Cammas soufflé par... Antoine Albeau
Franck Cammas n'a toutefois pas su convaincre le jury spécialisé de la Fédération française de voile qui a attribué le titre de marin de l'année 2010 à Antoine Albeau. Méconnu du public, ce véliplanchiste de 38 ans est devenu Champion du monde de slalom et de Formula Windsurfing. A douze vois contre huit, il devance au deuxième tour celui que tout le monde attendait, à savoir Cammas. L'équipe de France de voile olympique (nommée pour lensemble de ses performances et son succès en Coupe du Monde ISAF) et Armel Le Cléac'h avaient été éliminées au premier tour.

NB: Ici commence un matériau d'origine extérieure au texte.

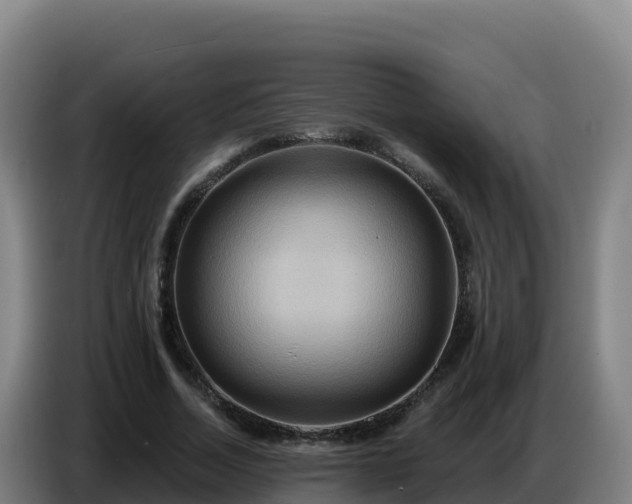 X0000086750730200704201725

Champion du mode à 18 reprises, Antoine Albeau, avait déjà été nominé cinq fois pour le titre de marin de lannée. Cette fois, les 20 membres du jury aidés des 3000 votes d'internautes l'ont finalement récompensé. Il devient le second véliplanchiste à recevoir ce titre honorifique après celui obtenu en 2004 par Faustine Merret, championne olympique de la spécialité aux Jeux Olympiques d'Athènes.
La mer amère
Une mascarade ? Non, il s'agissait bien de la prestigieuse Coupe de l'America. Après deux ans de bataille juridique, la 33e édition s'est conclue par une victoire écrasante du trimaran américain Oracle sur les Suisses d'Alinghi. Cette fois, il n'y a pas eu contestation possible, le navire suisse comptant près de neuf minutes dans la première manche, et plus de cinq minutes dans la deuxième et donc dernière manche ! Même les avocats d'Alinghi ont été convaincus de la domination américaine. LAiguière dargent est repartie de l'autre côté de l'Atlantique, avec l'espoir de ne plus avoir à subir un tel scénario des préparatifs à l'épilogue.

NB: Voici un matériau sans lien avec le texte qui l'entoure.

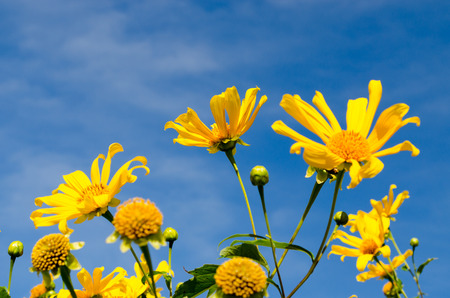 Flowers of BuaTong, Mexican Sunflower or Tree marigold with Clear Sky.の写真素材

Carton jaune à Abby Sunderland et ses proches
On n'est pas sérieux quand on a 17 ans, écrivait Arthur Rimbaud. Abby Sunderland n'avait pas encore 17 ans qu'elle s'était lancée en janvier dans un tour du monde à la voile en solitaire et sans assistance. Mais on ne s'improvise pas marin comme cela, du jour au lendemain. Malgré les nombreuses mises en garde et critiques venant des quatre coins du monde, la Californienne, soutenue par ses proches, avait bel et bien risqué sa peau.
Peut-on accuser une adolescente de vouloir imiter son frère Zac, qui avait pour le coup réussi à 16 ans cette aventure ? Ne doit-on pas plutôt s'interroger sur les motivations et l'attitude de ses proches qui l'ont encouragé à braver un tel danger ? La jeune fille aura finalement vu son défi s'achever à mi-chemin. Après avoir déclenché ses balises de détresse, son voilier de 12 mètres sera retrouvé avec le mât brisé en deux à 3000 kilomètres au sud-est de la Réunion... Saine et sauve, elle devra réaliser qu'elle n'est pas passée loin de l'irréversible. Inutile de rappeler que la mer n'est pas qu'un terrain de jeu.